- _WHAT IS BEING ASKED_: Go through the entries below from the first line and transcribe each one exactly, ending with the line that contains "DreamBid. Image 5.".

[Scraped caption text data]
▼▼▼
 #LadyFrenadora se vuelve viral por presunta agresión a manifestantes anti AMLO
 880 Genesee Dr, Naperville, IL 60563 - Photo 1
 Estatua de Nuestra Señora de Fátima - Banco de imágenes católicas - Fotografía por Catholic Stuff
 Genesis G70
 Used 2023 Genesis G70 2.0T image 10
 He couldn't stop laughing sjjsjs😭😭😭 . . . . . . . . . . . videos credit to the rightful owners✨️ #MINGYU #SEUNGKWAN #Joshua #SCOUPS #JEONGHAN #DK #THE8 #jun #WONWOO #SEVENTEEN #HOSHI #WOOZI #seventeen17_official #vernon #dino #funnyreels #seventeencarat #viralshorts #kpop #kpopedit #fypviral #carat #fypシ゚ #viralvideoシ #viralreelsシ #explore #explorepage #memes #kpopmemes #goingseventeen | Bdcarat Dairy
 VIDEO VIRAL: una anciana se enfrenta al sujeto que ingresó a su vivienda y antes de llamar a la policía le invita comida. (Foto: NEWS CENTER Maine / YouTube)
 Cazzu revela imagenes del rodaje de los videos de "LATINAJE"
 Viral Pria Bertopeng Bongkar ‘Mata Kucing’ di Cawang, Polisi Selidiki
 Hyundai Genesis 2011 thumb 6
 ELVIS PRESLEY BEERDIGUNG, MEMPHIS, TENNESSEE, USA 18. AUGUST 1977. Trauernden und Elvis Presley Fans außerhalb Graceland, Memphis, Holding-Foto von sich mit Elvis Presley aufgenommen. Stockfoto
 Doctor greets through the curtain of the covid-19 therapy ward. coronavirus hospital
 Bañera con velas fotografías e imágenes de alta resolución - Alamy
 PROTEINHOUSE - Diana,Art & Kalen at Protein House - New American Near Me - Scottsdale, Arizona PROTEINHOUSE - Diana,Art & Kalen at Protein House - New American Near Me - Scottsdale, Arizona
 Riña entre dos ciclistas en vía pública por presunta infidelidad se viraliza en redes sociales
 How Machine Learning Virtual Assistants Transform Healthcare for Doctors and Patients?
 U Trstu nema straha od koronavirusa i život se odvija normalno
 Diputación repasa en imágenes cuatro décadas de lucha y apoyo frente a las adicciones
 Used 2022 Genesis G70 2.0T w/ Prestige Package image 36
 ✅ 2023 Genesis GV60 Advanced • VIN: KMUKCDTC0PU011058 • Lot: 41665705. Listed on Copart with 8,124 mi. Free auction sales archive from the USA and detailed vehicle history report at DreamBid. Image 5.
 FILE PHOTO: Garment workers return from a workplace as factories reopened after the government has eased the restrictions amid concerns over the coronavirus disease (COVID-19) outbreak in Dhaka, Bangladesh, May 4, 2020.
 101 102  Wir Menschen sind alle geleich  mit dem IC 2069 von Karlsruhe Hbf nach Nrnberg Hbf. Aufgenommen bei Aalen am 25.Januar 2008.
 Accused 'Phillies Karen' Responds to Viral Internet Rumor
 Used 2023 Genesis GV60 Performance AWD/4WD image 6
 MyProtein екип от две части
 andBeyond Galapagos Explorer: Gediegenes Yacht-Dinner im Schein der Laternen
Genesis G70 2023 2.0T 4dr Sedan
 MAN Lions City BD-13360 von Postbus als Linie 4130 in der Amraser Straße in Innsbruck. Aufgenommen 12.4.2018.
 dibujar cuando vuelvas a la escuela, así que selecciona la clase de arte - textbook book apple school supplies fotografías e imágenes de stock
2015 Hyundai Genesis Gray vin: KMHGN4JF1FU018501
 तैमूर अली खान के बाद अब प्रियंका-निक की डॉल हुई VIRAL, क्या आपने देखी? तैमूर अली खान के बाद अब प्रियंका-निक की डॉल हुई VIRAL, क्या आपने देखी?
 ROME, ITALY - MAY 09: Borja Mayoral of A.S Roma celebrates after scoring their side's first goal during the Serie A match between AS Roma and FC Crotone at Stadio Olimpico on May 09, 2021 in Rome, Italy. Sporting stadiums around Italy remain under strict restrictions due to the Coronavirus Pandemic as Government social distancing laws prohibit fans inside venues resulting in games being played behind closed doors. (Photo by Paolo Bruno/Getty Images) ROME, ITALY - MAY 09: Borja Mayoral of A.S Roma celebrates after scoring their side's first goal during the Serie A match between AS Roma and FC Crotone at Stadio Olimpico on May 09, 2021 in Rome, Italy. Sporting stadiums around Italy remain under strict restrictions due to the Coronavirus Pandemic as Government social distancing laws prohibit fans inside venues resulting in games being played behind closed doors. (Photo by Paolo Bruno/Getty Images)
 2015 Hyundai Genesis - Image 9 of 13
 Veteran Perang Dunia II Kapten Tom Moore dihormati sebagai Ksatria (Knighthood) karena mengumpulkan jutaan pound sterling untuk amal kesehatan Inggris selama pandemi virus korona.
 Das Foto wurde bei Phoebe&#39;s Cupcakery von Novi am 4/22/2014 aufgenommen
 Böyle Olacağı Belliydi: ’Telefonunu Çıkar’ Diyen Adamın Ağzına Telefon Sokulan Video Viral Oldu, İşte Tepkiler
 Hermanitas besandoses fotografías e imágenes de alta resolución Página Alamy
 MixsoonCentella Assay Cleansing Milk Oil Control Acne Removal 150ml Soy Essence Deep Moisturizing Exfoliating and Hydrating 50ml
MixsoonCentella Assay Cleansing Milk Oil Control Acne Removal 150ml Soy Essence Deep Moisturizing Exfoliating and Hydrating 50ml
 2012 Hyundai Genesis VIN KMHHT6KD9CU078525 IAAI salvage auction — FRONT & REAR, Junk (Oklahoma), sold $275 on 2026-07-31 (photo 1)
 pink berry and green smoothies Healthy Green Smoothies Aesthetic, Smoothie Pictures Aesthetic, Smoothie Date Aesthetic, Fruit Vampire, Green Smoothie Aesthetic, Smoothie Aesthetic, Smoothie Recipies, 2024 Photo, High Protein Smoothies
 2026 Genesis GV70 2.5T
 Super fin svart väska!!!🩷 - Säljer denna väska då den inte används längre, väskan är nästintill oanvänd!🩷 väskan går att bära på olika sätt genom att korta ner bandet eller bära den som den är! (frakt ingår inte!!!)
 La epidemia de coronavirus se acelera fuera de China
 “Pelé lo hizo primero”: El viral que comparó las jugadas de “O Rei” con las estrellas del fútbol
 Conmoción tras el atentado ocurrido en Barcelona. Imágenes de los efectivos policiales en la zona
▲▲▲
- _RESULT_:
 #LadyFrenadora se vuelve viral por presunta agresión a manifestantes anti AMLO
 880 Genesee Dr, Naperville, IL 60563 - Photo 1
 Estatua de Nuestra Señora de Fátima - Banco de imágenes católicas - Fotografía por Catholic Stuff
 Genesis G70
 Used 2023 Genesis G70 2.0T image 10
 He couldn't stop laughing sjjsjs😭😭😭 . . . . . . . . . . . videos credit to the rightful owners✨️ #MINGYU #SEUNGKWAN #Joshua #SCOUPS #JEONGHAN #DK #THE8 #jun #WONWOO #SEVENTEEN #HOSHI #WOOZI #seventeen17_official #vernon #dino #funnyreels #seventeencarat #viralshorts #kpop #kpopedit #fypviral #carat #fypシ゚ #viralvideoシ #viralreelsシ #explore #explorepage #memes #kpopmemes #goingseventeen | Bdcarat Dairy
 VIDEO VIRAL: una anciana se enfrenta al sujeto que ingresó a su vivienda y antes de llamar a la policía le invita comida. (Foto: NEWS CENTER Maine / YouTube)
 Cazzu revela imagenes del rodaje de los videos de "LATINAJE"
 Viral Pria Bertopeng Bongkar ‘Mata Kucing’ di Cawang, Polisi Selidiki
 Hyundai Genesis 2011 thumb 6
 ELVIS PRESLEY BEERDIGUNG, MEMPHIS, TENNESSEE, USA 18. AUGUST 1977. Trauernden und Elvis Presley Fans außerhalb Graceland, Memphis, Holding-Foto von sich mit Elvis Presley aufgenommen. Stockfoto
 Doctor greets through the curtain of the covid-19 therapy ward. coronavirus hospital
 Bañera con velas fotografías e imágenes de alta resolución - Alamy
 PROTEINHOUSE - Diana,Art & Kalen at Protein House - New American Near Me - Scottsdale, Arizona PROTEINHOUSE - Diana,Art & Kalen at Protein House - New American Near Me - Scottsdale, Arizona
 Riña entre dos ciclistas en vía pública por presunta infidelidad se viraliza en redes sociales
 How Machine Learning Virtual Assistants Transform Healthcare for Doctors and Patients?
 U Trstu nema straha od koronavirusa i život se odvija normalno
 Diputación repasa en imágenes cuatro décadas de lucha y apoyo frente a las adicciones
 Used 2022 Genesis G70 2.0T w/ Prestige Package image 36
 ✅ 2023 Genesis GV60 Advanced • VIN: KMUKCDTC0PU011058 • Lot: 41665705. Listed on Copart with 8,124 mi. Free auction sales archive from the USA and detailed vehicle history report at DreamBid. Image 5.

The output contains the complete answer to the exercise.